PROBLEM REQUIREMENTS: Exclude the pictures, then restate every entry below exactly.

Web page caption snippets:
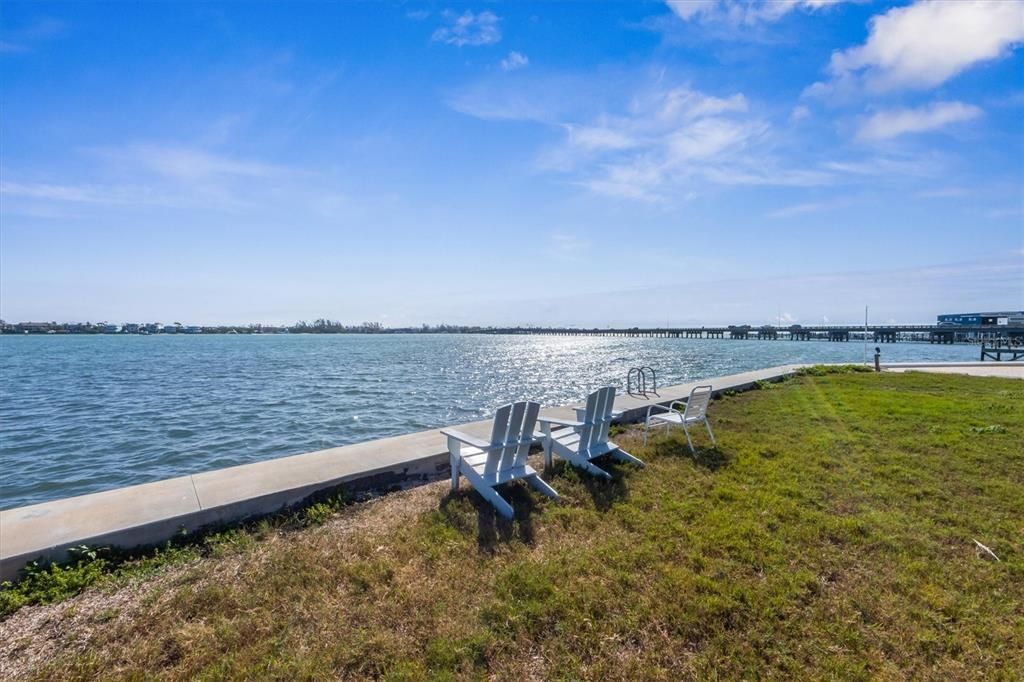 For Sale: $408,490 (1 beds, 1 baths, 594 Square Feet)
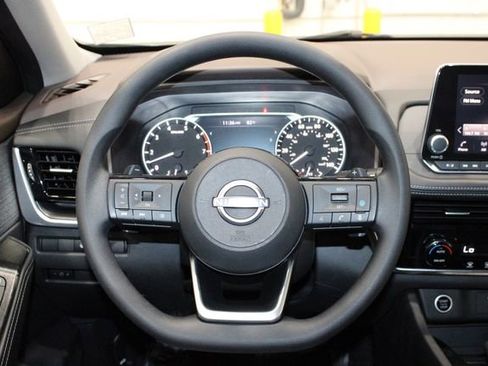 Used 2022 Nissan Rogue SV FWD image 23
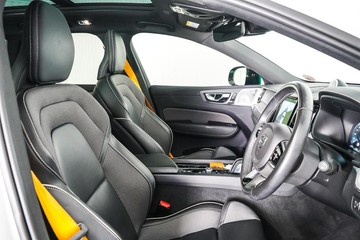 https://dvg-vehicle-assets.s3.amazonaws.com/1204053/8gfpf6uxnu3mrbjtcxqn4zkq5.jpg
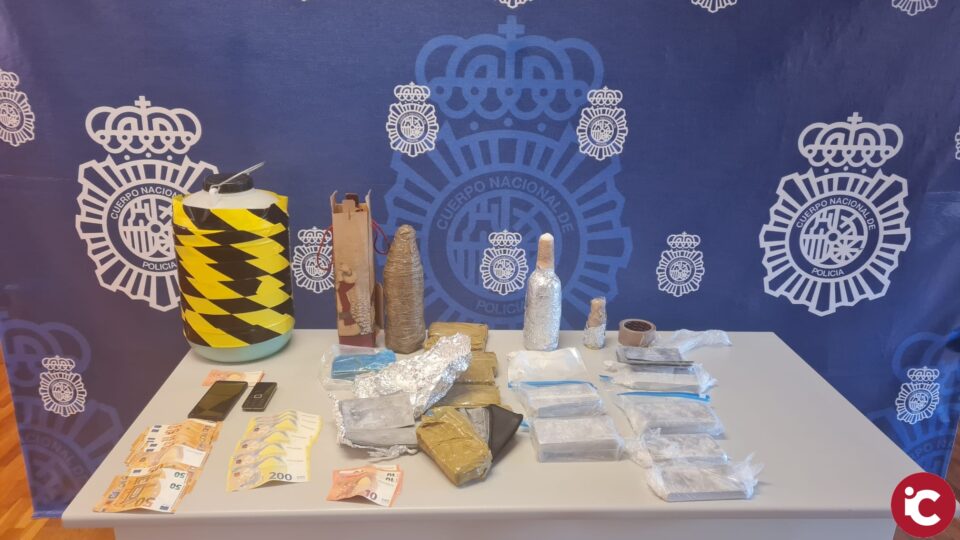 La Policía Nacional ha detenido a un hombre por estafar 153.000 euros a un empresario por el método "wash - wash"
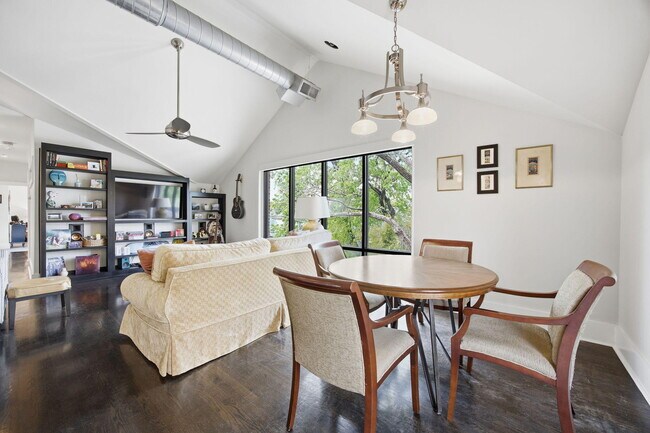 Building Photo - 261 S Limestone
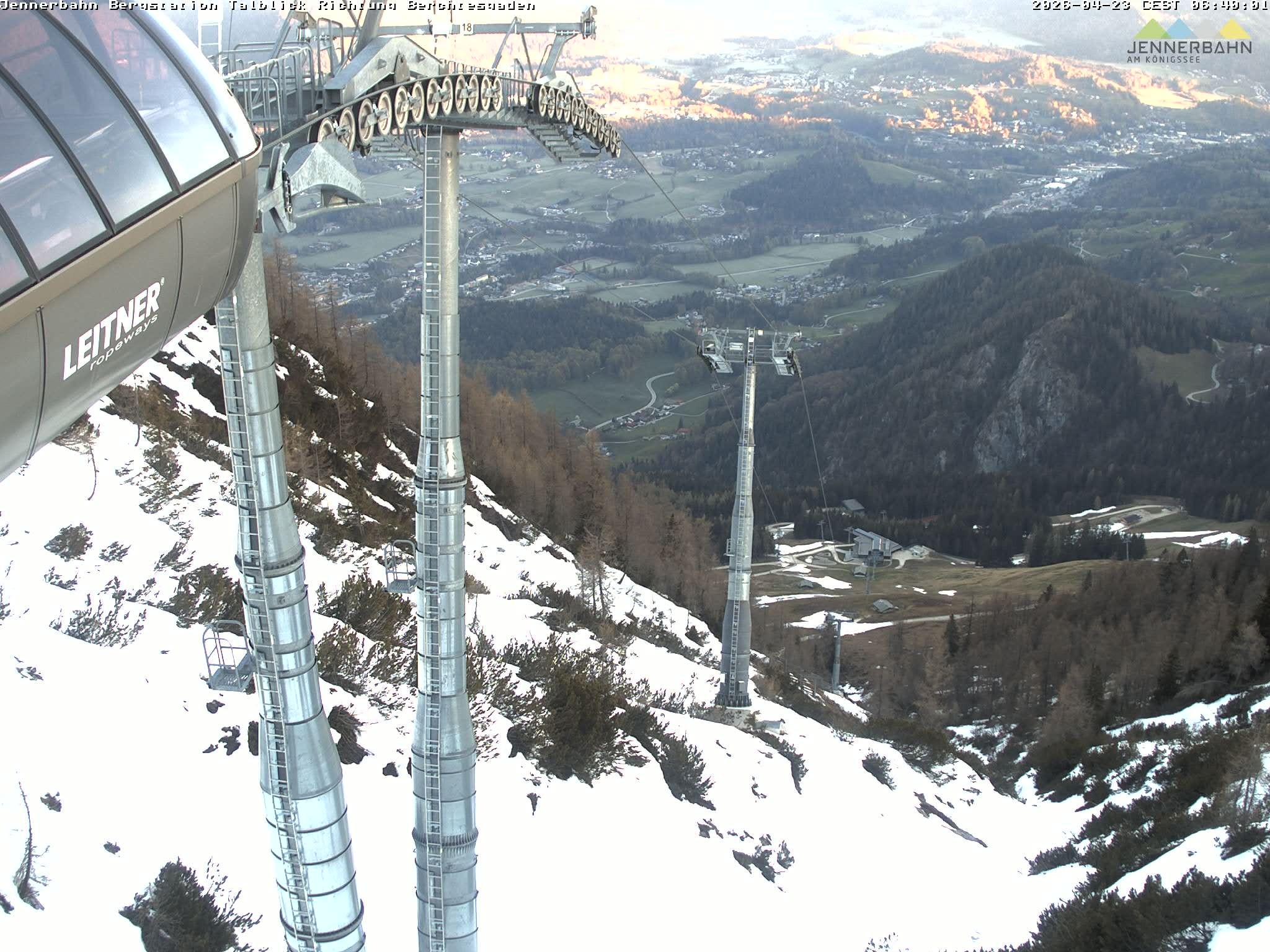 Archiv Foto Webcam Jenner - Blick ins Tal Gondelstation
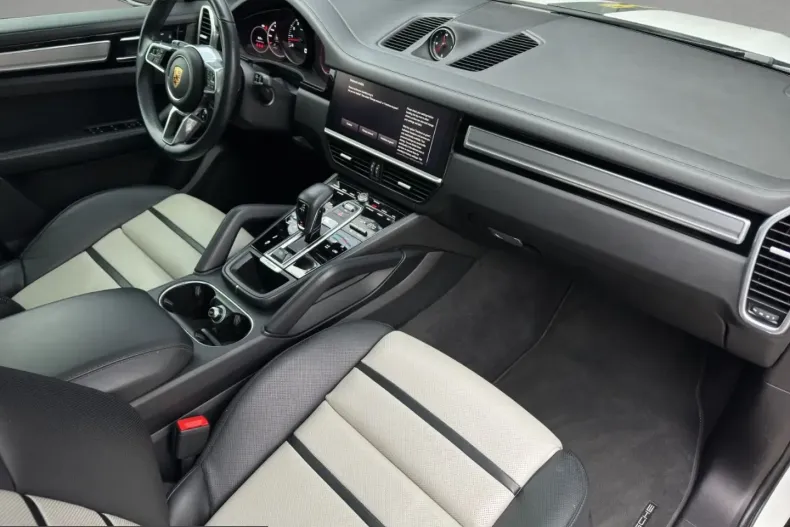 Porsche Cayenne din 2023 cu 48.500 km - oferta POR263674 - foto 5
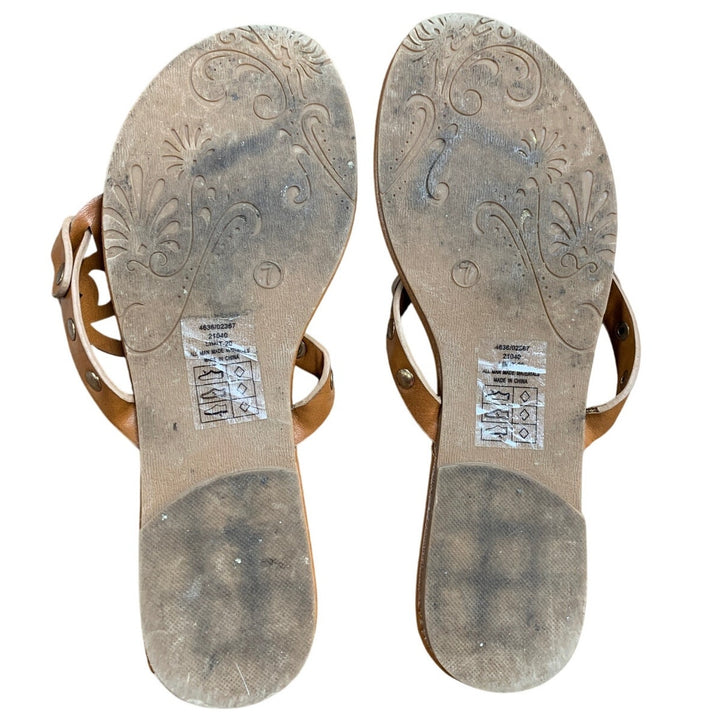 Pierre Dumas Womens Size 6.5 Brown Sandals Faux Leather Open Round Toe Shoes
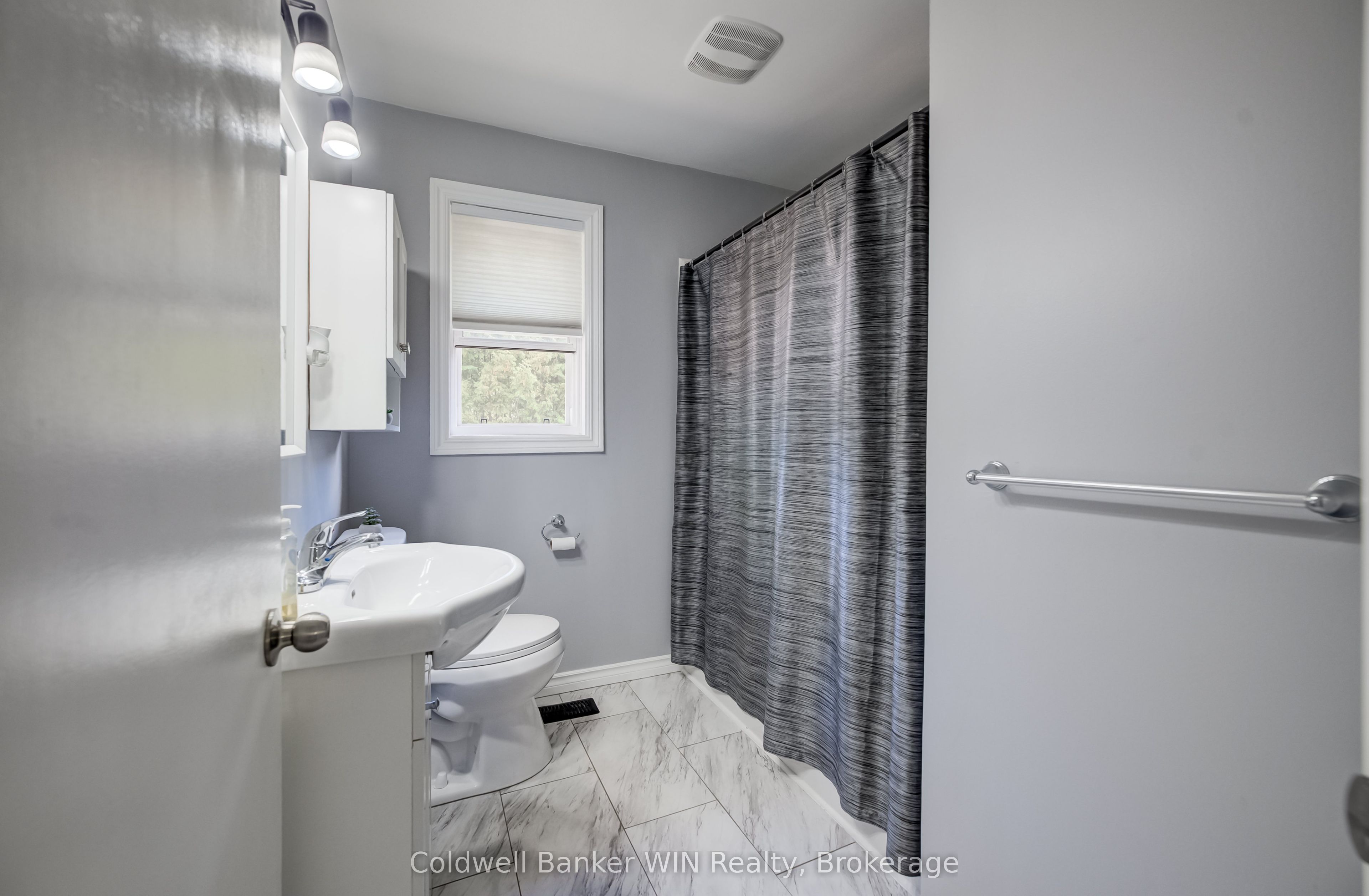 314 Wellington Street E Property Photo 18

EXERCISE RESULT:
 For Sale: $408,490 (1 beds, 1 baths, 594 Square Feet)
 Used 2022 Nissan Rogue SV FWD image 23
 https://dvg-vehicle-assets.s3.amazonaws.com/1204053/8gfpf6uxnu3mrbjtcxqn4zkq5.jpg
 La Policía Nacional ha detenido a un hombre por estafar 153.000 euros a un empresario por el método "wash - wash"
 Building Photo - 261 S Limestone
 Archiv Foto Webcam Jenner - Blick ins Tal Gondelstation
 Porsche Cayenne din 2023 cu 48.500 km - oferta POR263674 - foto 5
 Pierre Dumas Womens Size 6.5 Brown Sandals Faux Leather Open Round Toe Shoes
 314 Wellington Street E Property Photo 18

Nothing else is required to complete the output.